I too did not get it

Instead of counting the number of arrays of length $$$m$$$ which have $$$a$$$ as a sub-sequence.
We will count the number of arrays which DO NOT have $$$a$$$ as their sub-sequence (read the last paragraph before the "Note" to understand why this cannot be done to find the answer more directly) and subtract that from the total number of arrays (of length $$$m$$$).
There are a total of $$$k^m$$$ arrays of length $$$m$$$ (since each element can be anything from $$$[1,k]$$$).

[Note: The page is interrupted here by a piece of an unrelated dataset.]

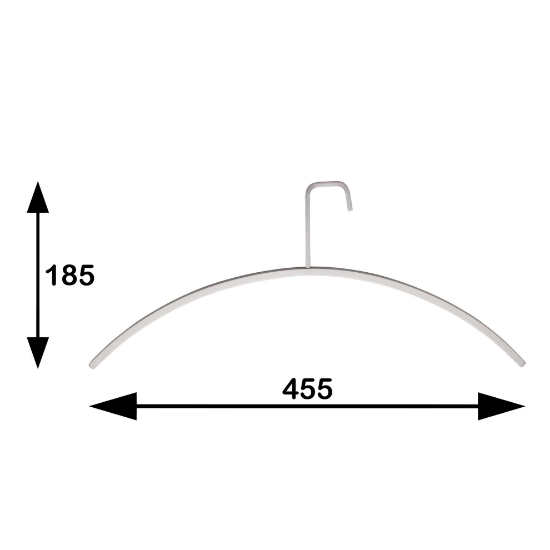 Afbeeldingen van kledinghanger 46cm rvs vierkant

To find the number of sequences which don't have $$$a$$$ as their subsequence.
We can go ahead and count the number of arrays $$$b$$$ which have prefix of $$$a$$$ till length $$$i$$$ (and sum up for all $$$i$$$ in $$$0$$$ to $$$n-1$$$).
To do this we shall choose $$$i$$$ spots out of $$$m$$$ for placing first $$$i$$$ elements of $$$a$$$.
To help with understanding, say the $$$i$$$ spots are $$$p_1$$$, $$$p_2$$$$$$...$$$$$$p_i$$$ (in increasing order).
Till I reach $$$p_1$$$, I will not place any element equal to $$$a_1$$$, leaving only $$$k-1$$$ choices for each spot. Once on $$$p_1$$$, I will assign it the value $$$a_1$$$ in $$$1$$$ way. then proceed to not assign $$$a_2$$$ to any element till I reach $$$p_2$$$ (in $$$k-1$$$ ways per spot) and so on.
The number of ways to choose are $$${m}\choose{i}$$$ and the ways to assign values for all such selections ($$$m-i$$$ in total) are $$$(k-1)^{m-i}$$$
we are to find:-

$$$k^m - \sum_{i=0}^{n-1}\binom{m}{i}.(k-1)^{m-i}$$$

One can use inverse modulo ideas and the fact that $$$\binom{n}{r} = \frac{n-r+1}{r}.\binom{n}{r-1}$$$

#include<bits/stdc++.h>
#define endl '\n'
using namespace std;
const long long mod = (long long) 1e9 + 7;
long long po(long long x, long long y)
{
	long long ans = 1;
	x %= mod;
	while(y>0)
	{
		if(y&1)
		{
			ans = (ans*x) % mod;
		}
		y /= 2;
		x = (x * x)% mod; 
	}
	return ans;
}
int solve()
{
	long long n, m, k, bin=1;
	cin>>n>>m>>k;
	long long ans = po(k, m);
	long long arr[n];
	for(int i=0; i<n; i++)
	{
		cin>>arr[i];
	}
	for(int i=0; i<n; i++)
	{
		long long sub = (bin*po(k-1, m-i))%mod;
		ans -= sub; ans = (ans+mod)%mod;
		bin *= (m-i); bin %= mod;
		bin *= po(i+1, mod-2); bin %= mod;		
	}	
	cout<<ans<<endl;
	return 0;
}
int main()
{
	ios::sync_with_stdio(false);
	cin.tie(0);
	int t;
	cin>>t;
	while(t--)
	{	
		solve();
	}
	return 0;		
}

Why not directly do it? (the note before the "Note")
If you tried to find the arrays such that $$$a$$$ is a subsequence directly. You might want to choose $$$n$$$ spots out of $$$m$$$. but say the largest chosen element is $$$p_n$$$. now for all indexes in $$$b$$$ greater than $$$p_n$$$ (the array we are constructing) you can place any number out of those $$$k$$$. so the power of $$$k$$$ is heavily dependent on $$$p_n$$$ (there will be some $$$(k-1)$$$ terms too) which is not easy to deal with (we are choosing all sorts of elements, so, keeping track of the highest element and computing based on it isn't easy!)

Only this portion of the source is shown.